Desenho do estudo e dos participantes

Leveiamos a cabo um estudo prospectivo de precisão diagnóstica do Ultra tanto no FNA como na biópsia do tecido de gânglios linfáticos em doentes com suspeita de adenite por tuberculose. O estudo foi realizado no Groote Schuur Hospital, um centro académico de referência terciária na Cidade do Cabo, África do Sul. Os participantes elegíveis do estudo foram adultos (≥18 anos), tanto dentro como fora do hospital, encaminhados com gânglios linfáticos aumentados de >20 mm no maior diâmetro localizado na região cervical, axilar ou inguinal. Pacientes em terapia de tuberculose foram inscritos, desde que isto tenha sido dado por <1 mês (sub-análises foram feitas em pacientes em terapia de tuberculose por <24 h). Pacientes com contra-indicações para biópsia das agulhas (plaquetas baixas, outras coagulopatias e risco de sangramento, clinicamente instável, local da biópsia inseguro) foram excluídos. O consentimento informado por escrito foi obtido de todos os participantes. O Comitê de Ética em Pesquisa em Humanos da Faculdade de Ciências da Saúde, Universidade da Cidade do Cabo, aprovou o estudo.

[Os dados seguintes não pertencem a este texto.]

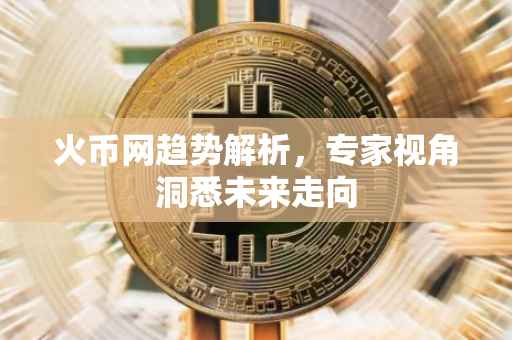 火币网趋势解析,专家视角洞悉未来走向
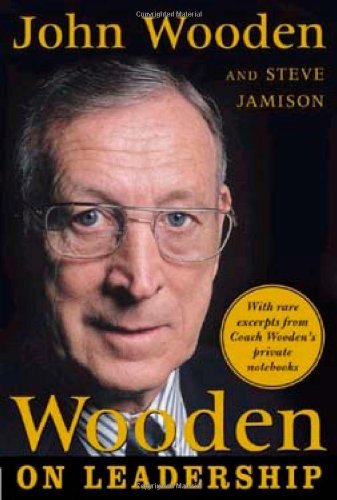 Book cover of Wooden On Leadership: How To Create A Winning Organization by John Wooden, Steve Jamison (Collaborator)
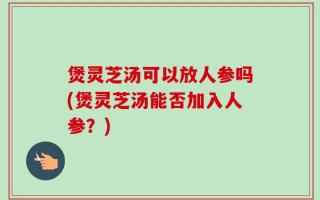 煲灵芝汤可以放人参吗(煲灵芝汤能否加入人参？)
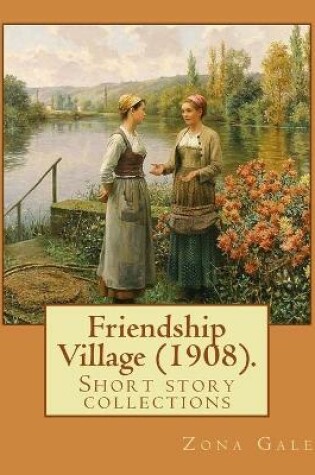 Cover of Friendship Village (1908). By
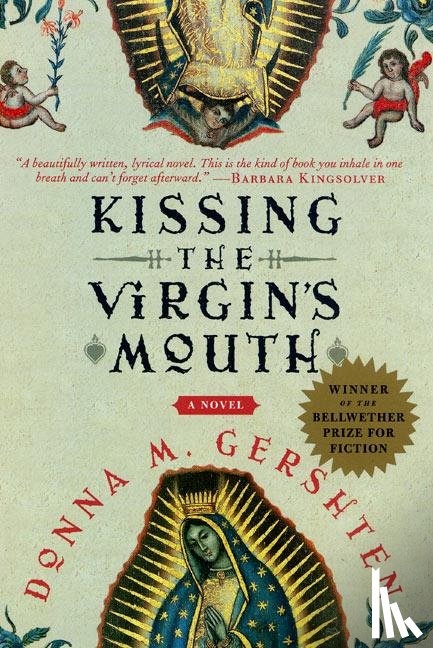 Gershten, Donna M. - Kissing the Virgin's Mouth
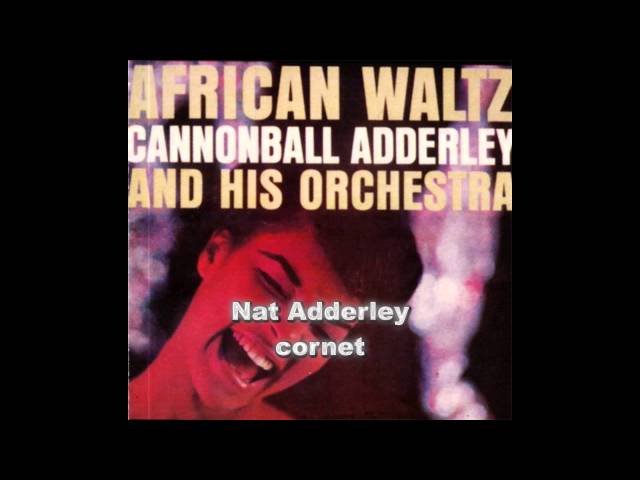 Cannonball Adderley - Something Different
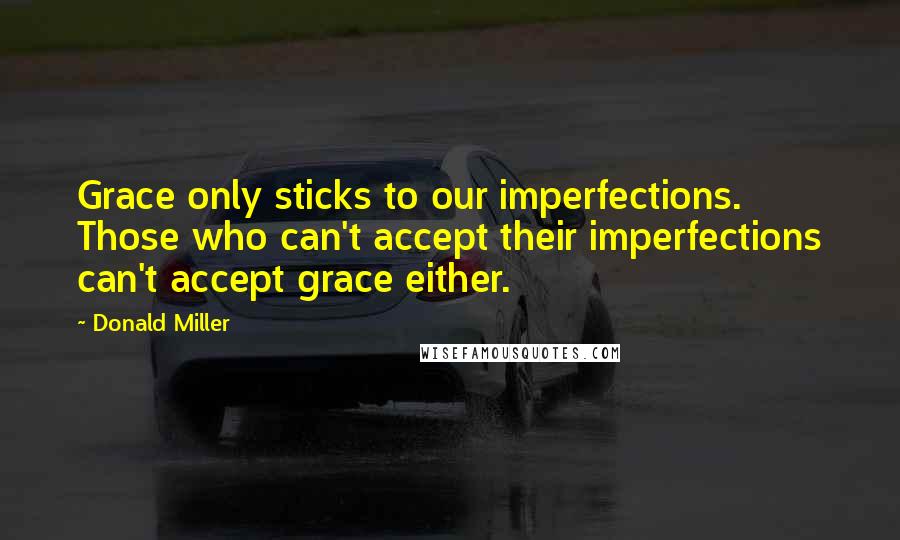 Donald Miller Quotes: Grace only sticks to our imperfections. Those who can't accept their imperfections can't accept grace either.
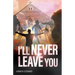 I'll Never Leave You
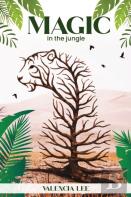 Magic In The Jungle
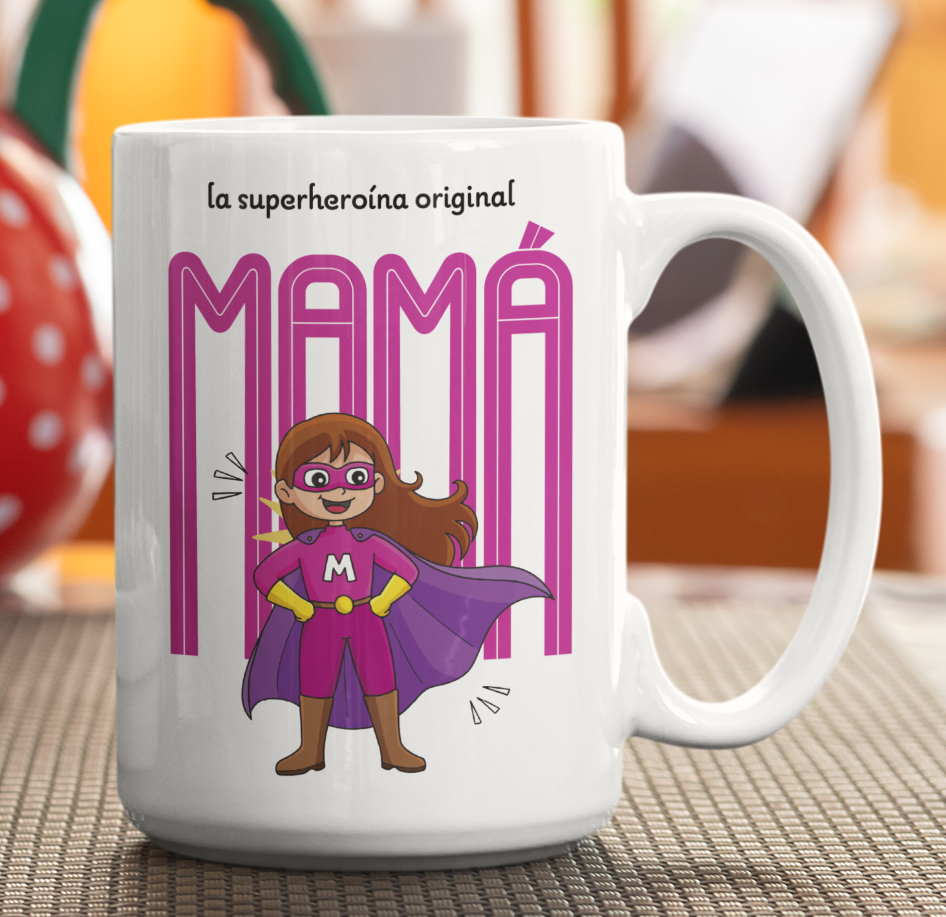 Taza La Súper Heroína Mamá - Taza Blanca  15 oz - Taza Día de la Madre - Taza para Mamá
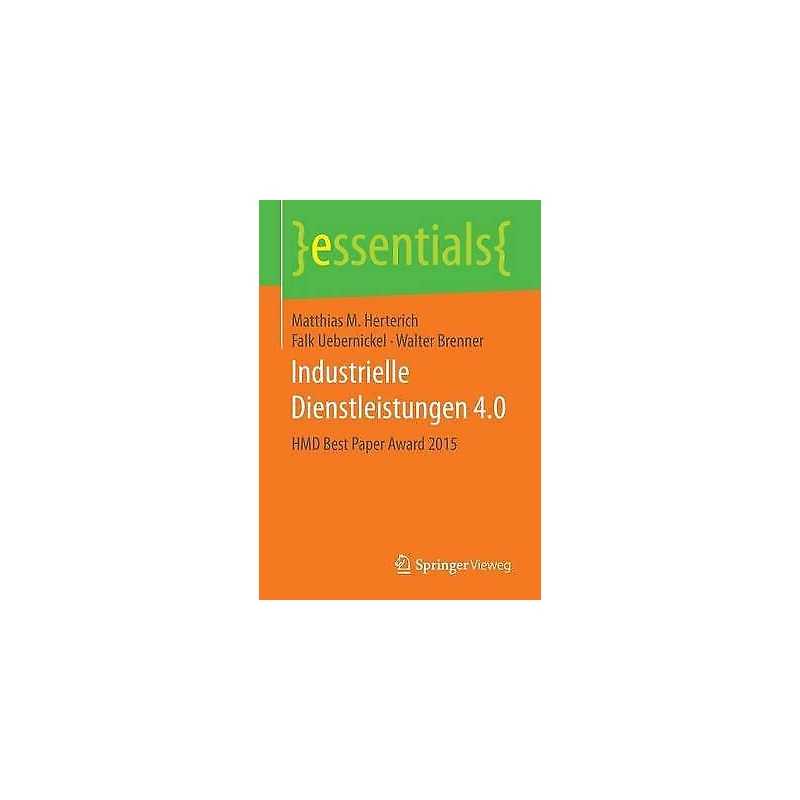 Industrielle Dienstleistungen 4.0 - 9783658139100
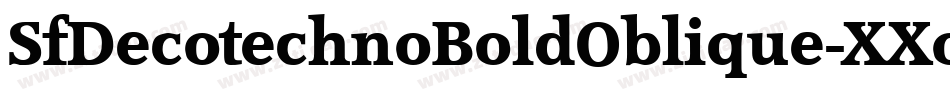 SfDecotechnoBoldOblique-XXoG字体转换 SfDecotechnoBoldOblique-XXoG字体转换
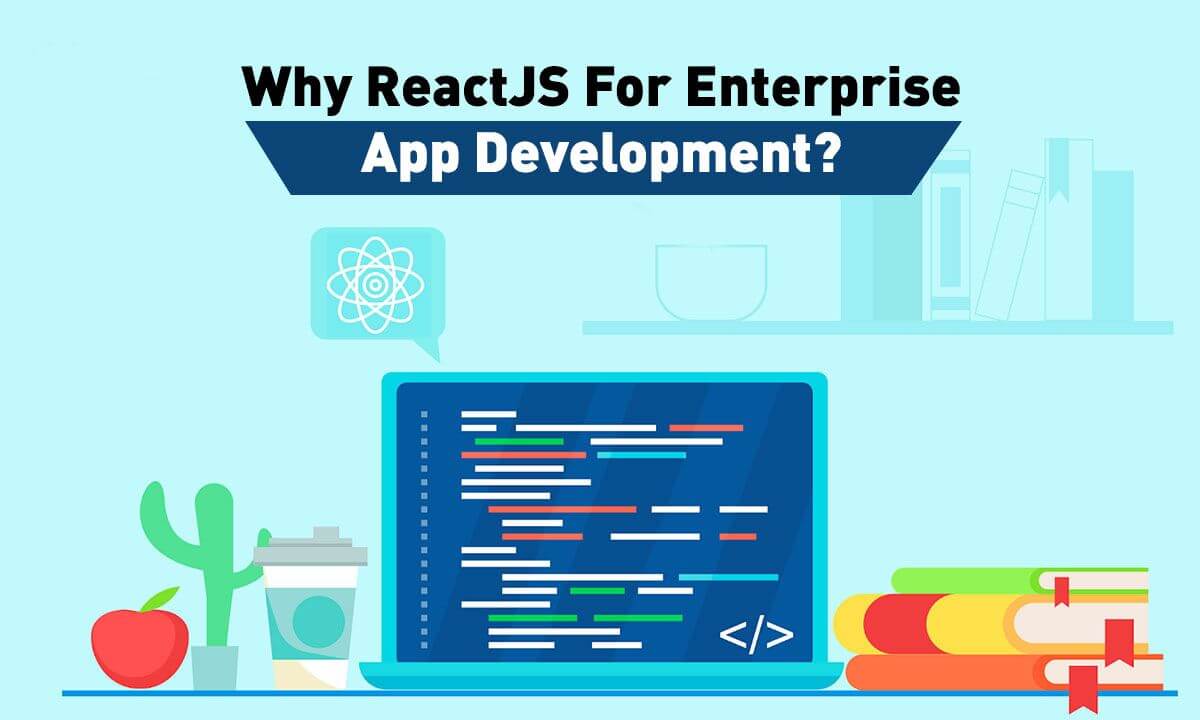 Why App Developers use ReactJS for Enterprise App Development?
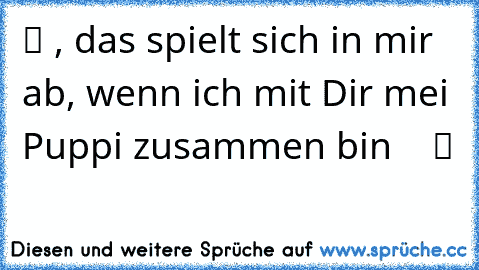 ♫ ♫ ♫ ツ ♥, das spielt sich in mir ab, wenn ich mit Dir mei Puppi zusammen bin ♥ ♥ ♥ ツ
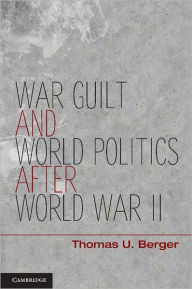 Title: War, Guilt, and World Politics after World War II, Author: Thomas U. Berger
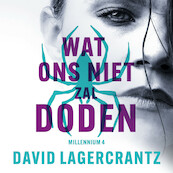 Millennium deel 4: Wat ons niet zal doden - David Lagercrantz (ISBN 9789046171301)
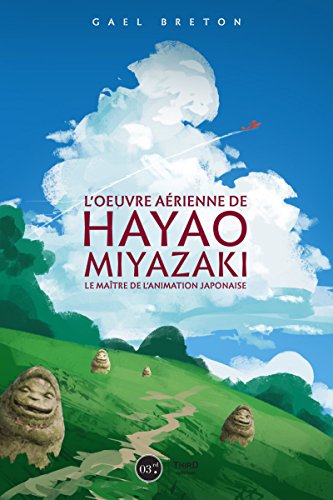 L'oeuvre de Hayao Miyazaki: Le maître de l'animation japonaise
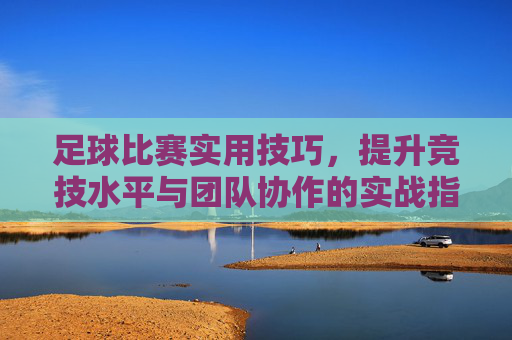 足球比赛实用技巧，提升竞技水平与团队协作的实战指南，足球比赛实用技巧，提升竞技水平与团队协作的实战指南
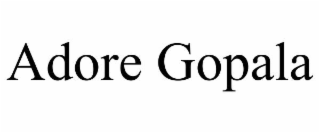 ADORE GOPALA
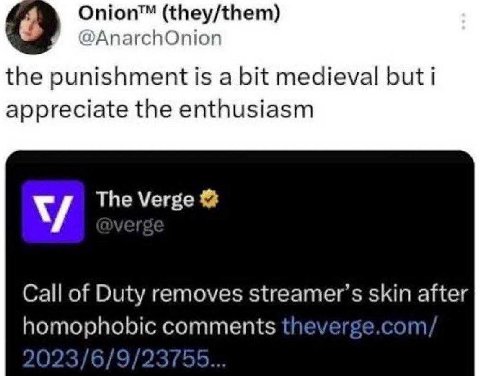 Onion™ (they/them) @AnarchOnion the punishment is a bit medieval but i appreciate the enthusiasm The Verge Call of Duty removes streamer’s skin after homophobic comments theverge.com/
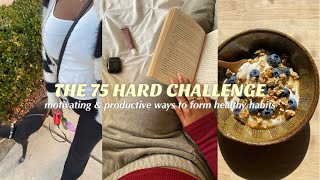 THE 75 HARD-ish CHALLENGE: realistic & healthy productive week in my life to motivate you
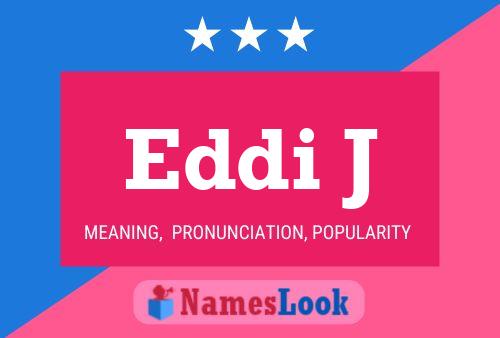 Póster del nombre Eddi J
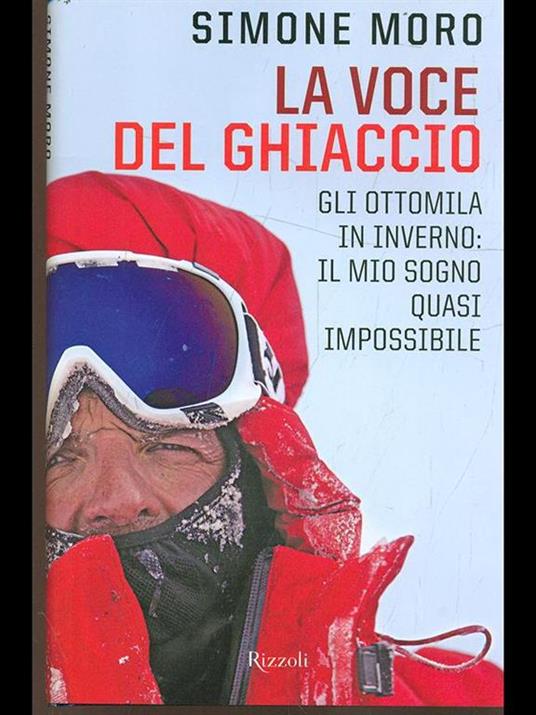 La voce del ghiaccio. Gli ottomila in inverno: il mio sogno quasi impossibile - Simone Moro - 5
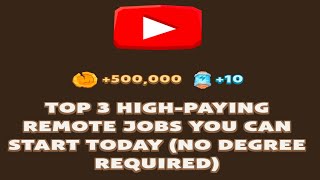 TOP 3 HIGHPAYING REMOTE JOBS YOU CAN START TODAY NO DEGREE REQUIRED  Memefi New Video Code [upl. by Grussing]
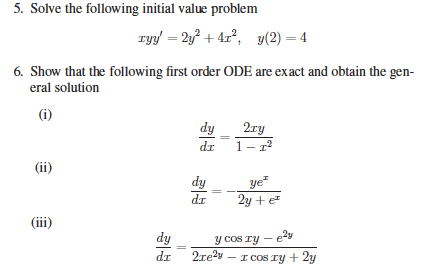 Solved 4. Solve the following first order ODE for the given | Chegg.com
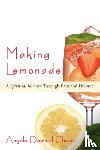 Chase, Angela Dawnell - Making Lemonade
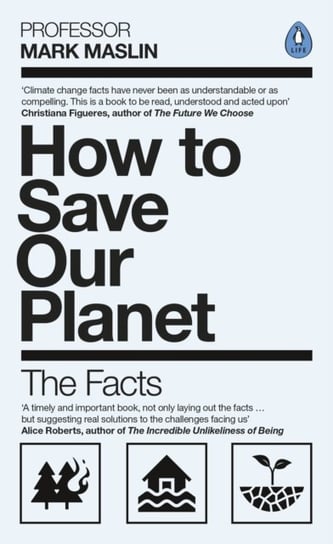 How To Save Our Planet: The Facts Maslin Mark A.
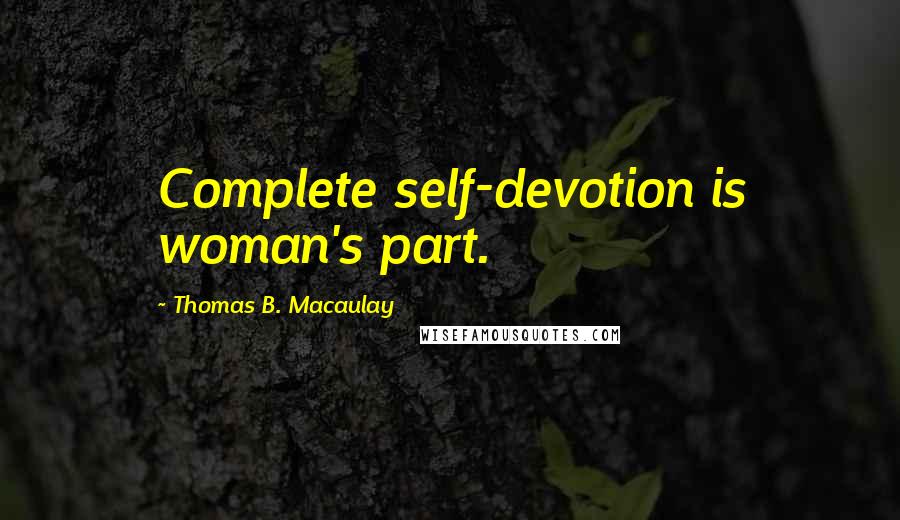 Thomas B. Macaulay Quotes: Complete self-devotion is woman's part.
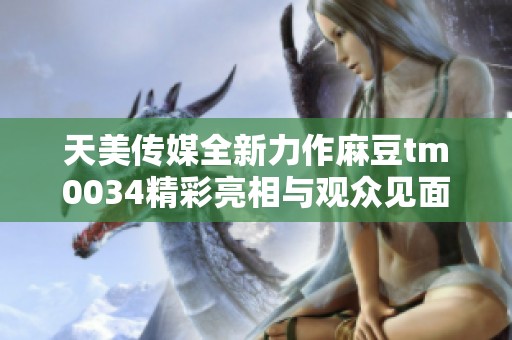天美传媒全新力作麻豆tm0034精彩亮相与观众见面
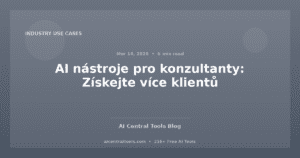 AI nástroje pro konzultanty: Získejte více klientů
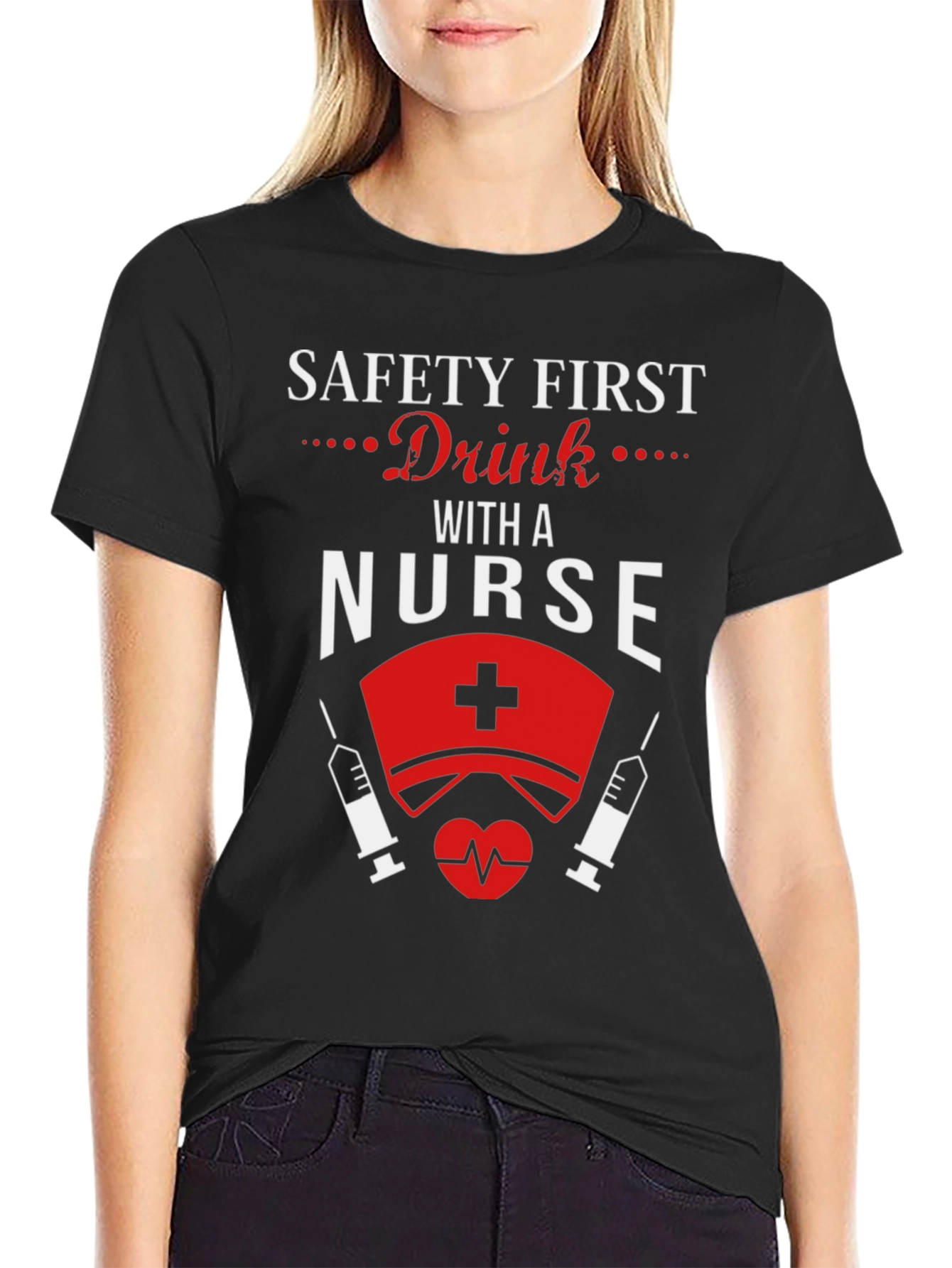 Safety First Drink With a Nurse T-Shirt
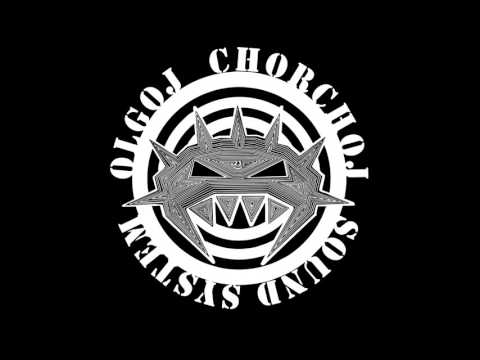 Olgoj Chorchoj sound system - AAcid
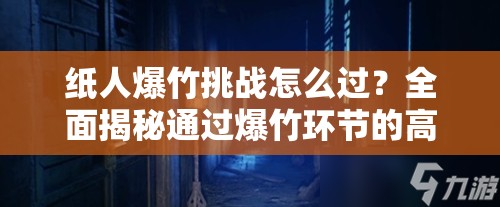 纸人爆竹挑战怎么过？全面揭秘通过爆竹环节的高效方法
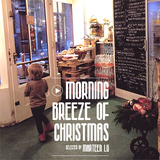 A Morning Breeze of Christmas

Patientes vieram de dentro da Groote Schuur e de hospitais de nível secundário e clínicas de dia na área de referência. Foram registados os resultados de investigações anteriores de tuberculose (sputum Xpert ou cultura de tuberculose de qualquer local dentro de 3 meses após o encaminhamento, ou lipoarabinomannan de urina (LAM)). Detalhes do status de HIV, tratamento de tuberculose e ART foram obtidos.

Recolha de dados

Informações demográficas, sintomas, duração dos sintomas, resultado do teste de HIV, e outras investigações de TB realizadas foram registradas na inscrição. O status de desempenho foi classificado de acordo com o Grupo Cooperativo da Europa Oriental (ECOG). O local da biópsia foi registrado, juntamente com outros locais de linfadenopatia. A presença e duração dos sintomas constitucionais (tosse, perda de peso, suores nocturnos) foram especificamente questionados, assim como a duração que o paciente tinha notado a linfadenopatia. O sangue foi coletado para um hemograma completo com diferencial, desidrogenase láctica e estado de HIV e, se positivo, uma contagem de CD4 e uma carga viral para aqueles em ART.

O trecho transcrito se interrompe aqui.